Camelot, the sole operator of the UK’s National Lottery since 1994, is turning to England’s highest court in an effort to save that very contract. The move comes one month after Camelot lost the contract to Allwyn, formerly the Sazka Group, in a process that Camelot says simply wasn’t fair.
Camelot’s legal case for staying with the National Lottery hasn’t been fully articulated, but some elements are clear. The company is suggesting that the decision-making process used by the Gambling Commission to determine the contract winner was flawed, and failed to properly take into account “risk factors” that may have kept the company from performing as well as possible.
Company officials are also saying that they’re not getting any answers from lawmakers about the decision, and were therefore forced to turn to the court. Nigel Railton, Camelot’s chief executive, commented on the process in a statement reported on by the Guardian saying, “When we received the result, we were shocked by aspects of the decision. Despite lengthy correspondence, the commission has failed to provide a satisfactory response. We are therefore left with no choice but to ask the court to establish what happened.”

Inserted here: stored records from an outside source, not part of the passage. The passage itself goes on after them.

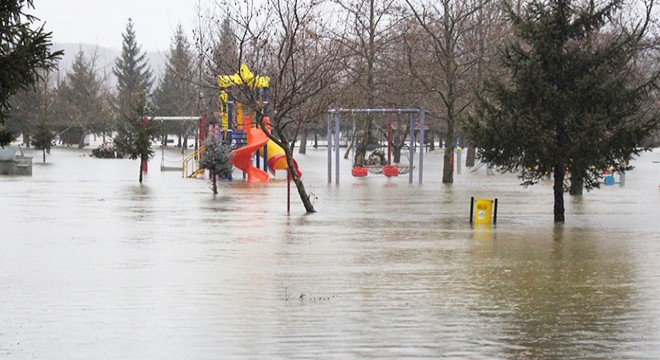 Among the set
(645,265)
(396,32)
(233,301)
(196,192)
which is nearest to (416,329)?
(233,301)

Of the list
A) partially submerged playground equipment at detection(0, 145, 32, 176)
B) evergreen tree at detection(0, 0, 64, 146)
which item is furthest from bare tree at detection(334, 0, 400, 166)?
evergreen tree at detection(0, 0, 64, 146)

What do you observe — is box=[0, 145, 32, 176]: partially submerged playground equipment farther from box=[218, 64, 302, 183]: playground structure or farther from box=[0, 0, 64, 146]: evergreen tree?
box=[0, 0, 64, 146]: evergreen tree

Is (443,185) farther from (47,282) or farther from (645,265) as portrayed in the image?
(47,282)

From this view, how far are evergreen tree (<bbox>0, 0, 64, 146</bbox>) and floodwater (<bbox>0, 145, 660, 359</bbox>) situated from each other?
2.60 meters

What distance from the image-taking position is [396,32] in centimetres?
5784

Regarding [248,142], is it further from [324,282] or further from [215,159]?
[324,282]

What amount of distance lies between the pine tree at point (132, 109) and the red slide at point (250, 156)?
13.1 feet

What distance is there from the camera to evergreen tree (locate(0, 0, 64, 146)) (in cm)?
1154

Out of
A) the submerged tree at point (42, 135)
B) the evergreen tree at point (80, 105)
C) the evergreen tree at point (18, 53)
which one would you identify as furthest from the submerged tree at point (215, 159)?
the evergreen tree at point (80, 105)

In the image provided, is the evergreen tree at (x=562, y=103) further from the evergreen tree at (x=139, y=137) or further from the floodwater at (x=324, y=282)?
the evergreen tree at (x=139, y=137)

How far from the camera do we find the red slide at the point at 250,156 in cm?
4503

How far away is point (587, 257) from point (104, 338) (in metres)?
10.5

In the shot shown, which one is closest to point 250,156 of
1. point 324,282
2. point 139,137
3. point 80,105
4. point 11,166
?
point 139,137

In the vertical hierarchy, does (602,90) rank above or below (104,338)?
above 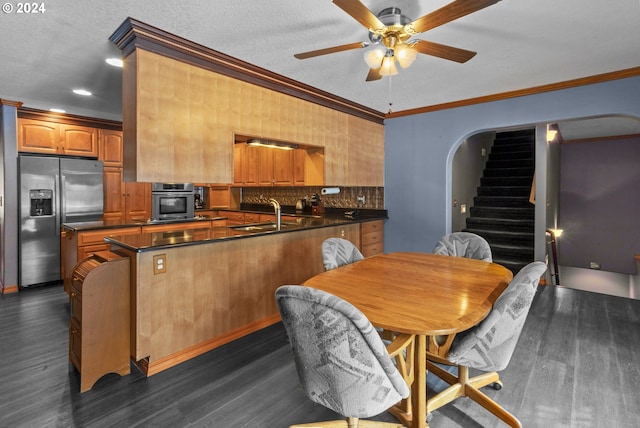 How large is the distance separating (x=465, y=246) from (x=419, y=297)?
153 centimetres

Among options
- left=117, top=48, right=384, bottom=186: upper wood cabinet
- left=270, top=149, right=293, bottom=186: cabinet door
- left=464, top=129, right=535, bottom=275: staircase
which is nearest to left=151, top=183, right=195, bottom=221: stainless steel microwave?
left=270, top=149, right=293, bottom=186: cabinet door

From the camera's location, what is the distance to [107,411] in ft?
6.15

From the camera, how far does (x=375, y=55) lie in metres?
1.98

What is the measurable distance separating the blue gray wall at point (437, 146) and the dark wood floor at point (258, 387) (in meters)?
1.91

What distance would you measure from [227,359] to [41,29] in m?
2.67

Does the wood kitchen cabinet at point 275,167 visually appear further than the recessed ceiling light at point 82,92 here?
Yes

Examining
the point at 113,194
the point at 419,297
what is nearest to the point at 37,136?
the point at 113,194

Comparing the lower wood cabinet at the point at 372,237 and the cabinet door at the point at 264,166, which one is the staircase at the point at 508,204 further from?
the cabinet door at the point at 264,166

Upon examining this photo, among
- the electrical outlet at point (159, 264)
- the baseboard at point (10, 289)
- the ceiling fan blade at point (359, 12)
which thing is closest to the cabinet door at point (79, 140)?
the baseboard at point (10, 289)

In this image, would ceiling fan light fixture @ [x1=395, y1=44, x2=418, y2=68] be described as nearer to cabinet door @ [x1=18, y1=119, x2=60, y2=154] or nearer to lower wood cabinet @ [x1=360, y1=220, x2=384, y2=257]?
lower wood cabinet @ [x1=360, y1=220, x2=384, y2=257]

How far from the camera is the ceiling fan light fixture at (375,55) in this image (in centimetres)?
197

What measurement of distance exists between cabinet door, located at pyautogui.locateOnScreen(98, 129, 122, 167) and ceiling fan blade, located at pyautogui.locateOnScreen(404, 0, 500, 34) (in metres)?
4.97

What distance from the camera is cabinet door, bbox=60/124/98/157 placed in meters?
4.71

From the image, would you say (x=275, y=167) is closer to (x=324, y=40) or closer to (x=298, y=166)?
(x=298, y=166)
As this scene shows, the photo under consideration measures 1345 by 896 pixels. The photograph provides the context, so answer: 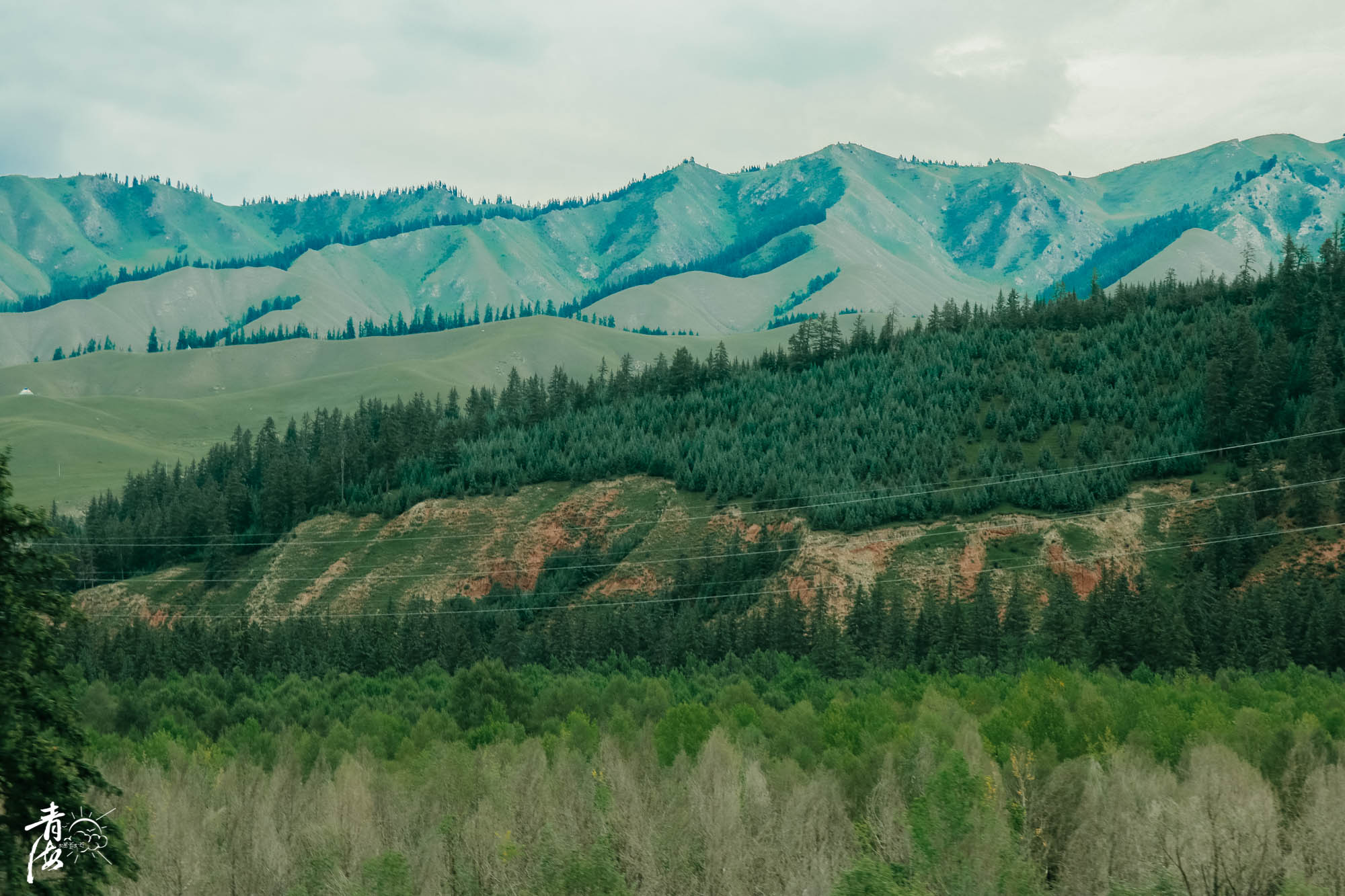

Though more likely to hold up in the court of public opinion than in a court of law, Railton also argued that Camelot’s 1,000 employees who deserve more information about their plight. “Separately, more than 1,000 Camelot employees work tirelessly to successfully operate the national lottery under the current licence and, at the very least, they are owed a proper explanation,” he added.
Officials from the Gambling Commission said that they’re holding their statements until litigation is completed.